Extracted information START

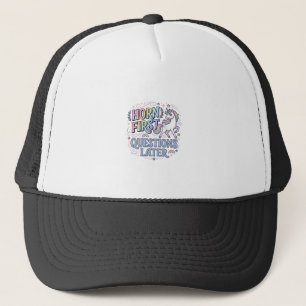 Eenhoring Eerst Vragen Later Schattige Sticker Trucker Pet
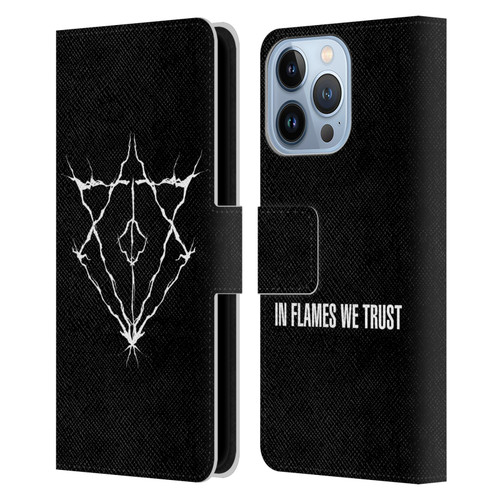 In Flames Metal Grunge Jesterhead Logo Leather Book Wallet Case Cover For Apple iPhone 13 Pro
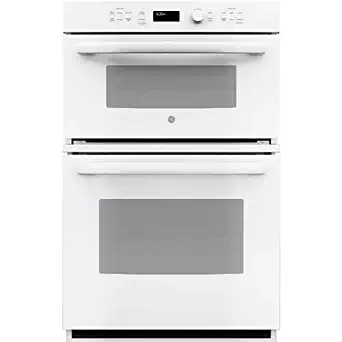 GE JK3800DHWW 27" White Electric Combination Wall Oven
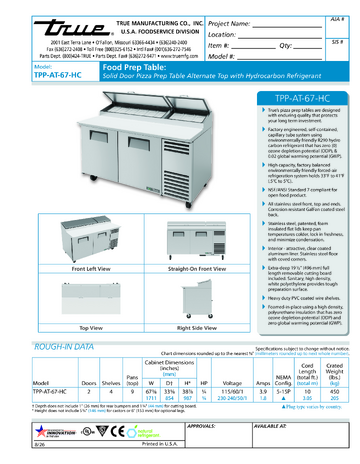 Spec Sheet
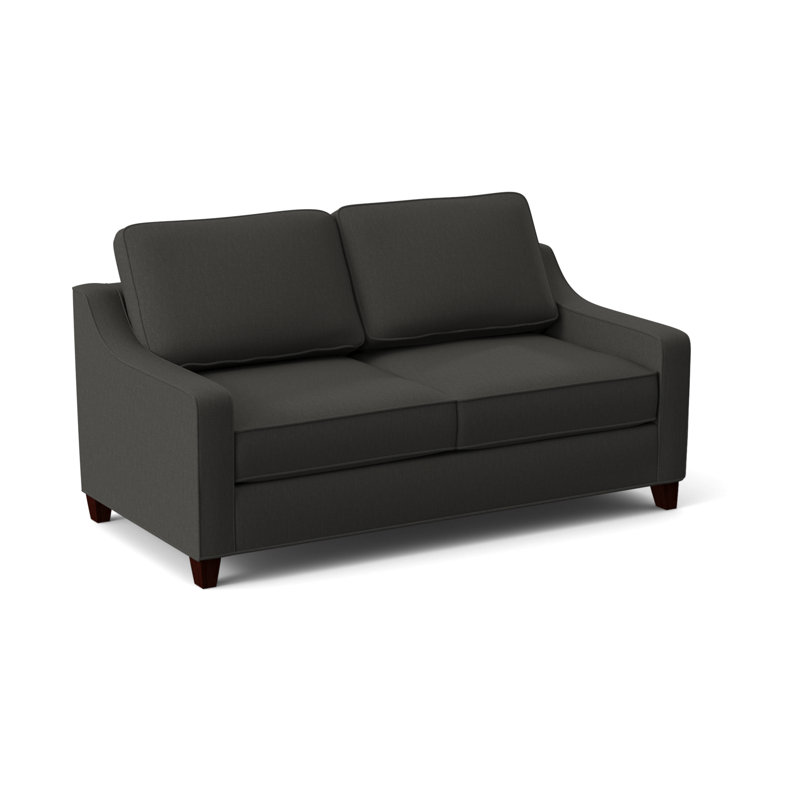Clark 74" Square Arm Sofa with Reversible Cushions, Empire Mahogany, Ridgecrest Meadow
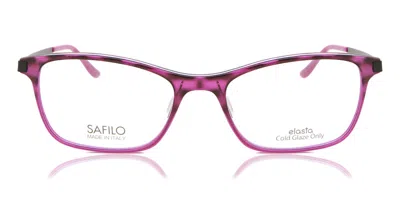Safilo Sa 6052 12x Women's Glasses Pink Size 51 - Free Lenses - Blue Light Block Available In Tortoise Pink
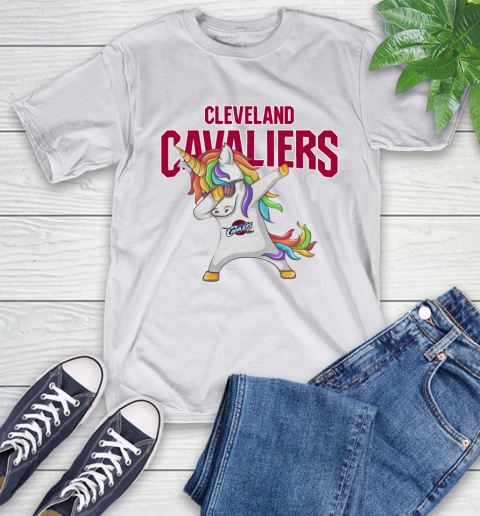 Cleveland Cavaliers NBA Basketball Funny Unicorn Dabbing Sports T-Shirt 12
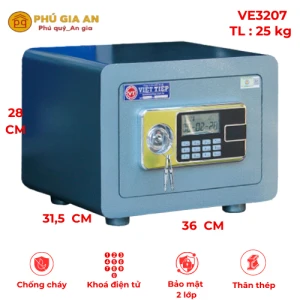 Két sắt Việt Tiệp siêu cường VE3207 điện tử báo động - Model mới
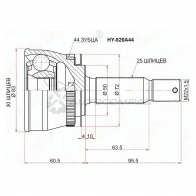 Шрус наружный HYUNDAI MATRIX FC 01-08 SAT PIFPL V 1422806935 HY820A44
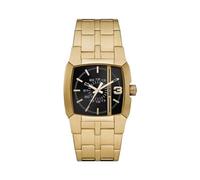 Diesel Cliffhanger Reloj para hombre, Movimiento de cuarzo a tres agujas con correa de silicona, acero inoxidable o piel, Tono dorado y negro, 36 mm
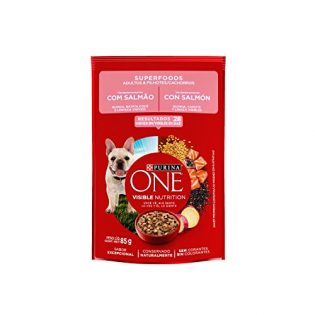 Ração Úmida Nestlé Purina One Salmão para Cães Adultos e Filhotes Peixe 85 g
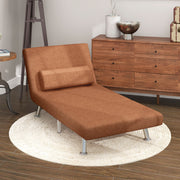 Single Linen Feel Sleeper Chair Comfortable Foldable Design by HOMCOM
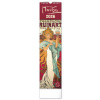 Nástenný kalendár 2026 Alfons Mucha CZ/SK 2026, 12 x 48 cm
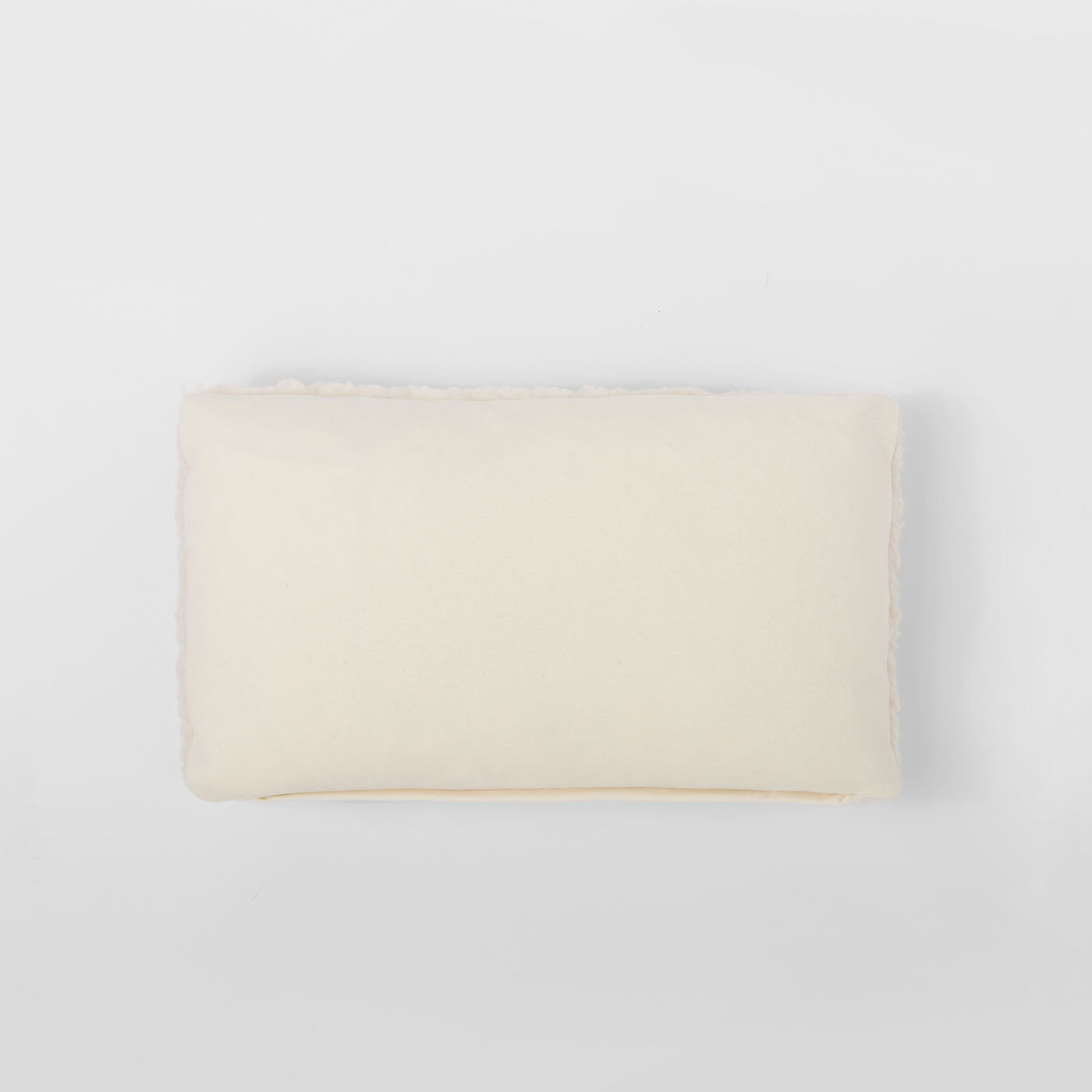 Faux-fur Cashmere and Wool Throw Rectangular Pillow - Alternative view 1
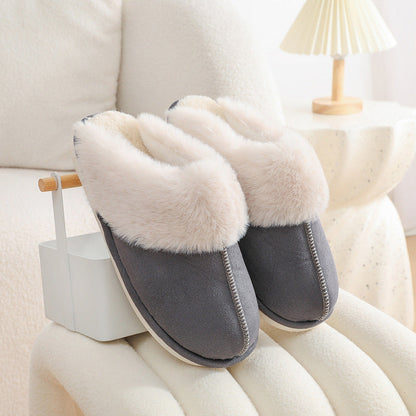 Humtto Women's Comfortable Warm Slippers–Faux Fur,Anti Slip,Foot Care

Extracted information END

Go back to the records above and write them out exactly, without the pictures.

 Eenhoring Eerst Vragen Later Schattige Sticker Trucker Pet
 In Flames Metal Grunge Jesterhead Logo Leather Book Wallet Case Cover For Apple iPhone 13 Pro
 GE JK3800DHWW 27" White Electric Combination Wall Oven
 Spec Sheet
Clark 74" Square Arm Sofa with Reversible Cushions, Empire Mahogany, Ridgecrest Meadow
Safilo Sa 6052 12x Women's Glasses Pink Size 51 - Free Lenses - Blue Light Block Available In Tortoise Pink
 Cleveland Cavaliers NBA Basketball Funny Unicorn Dabbing Sports T-Shirt 12
 Két sắt Việt Tiệp siêu cường VE3207 điện tử báo động - Model mới
 Шрус наружный HYUNDAI MATRIX FC 01-08 SAT PIFPL V 1422806935 HY820A44
 Diesel Cliffhanger Reloj para hombre, Movimiento de cuarzo a tres agujas con correa de silicona, acero inoxidable o piel, Tono dorado y negro, 36 mm
 Ração Úmida Nestlé Purina One Salmão para Cães Adultos e Filhotes Peixe 85 g
 Single Linen Feel Sleeper Chair Comfortable Foldable Design by HOMCOM
 Nástenný kalendár 2026 Alfons Mucha CZ/SK 2026, 12 x 48 cm
 Faux-fur Cashmere and Wool Throw Rectangular Pillow - Alternative view 1
 Humtto Women's Comfortable Warm Slippers–Faux Fur,Anti Slip,Foot Care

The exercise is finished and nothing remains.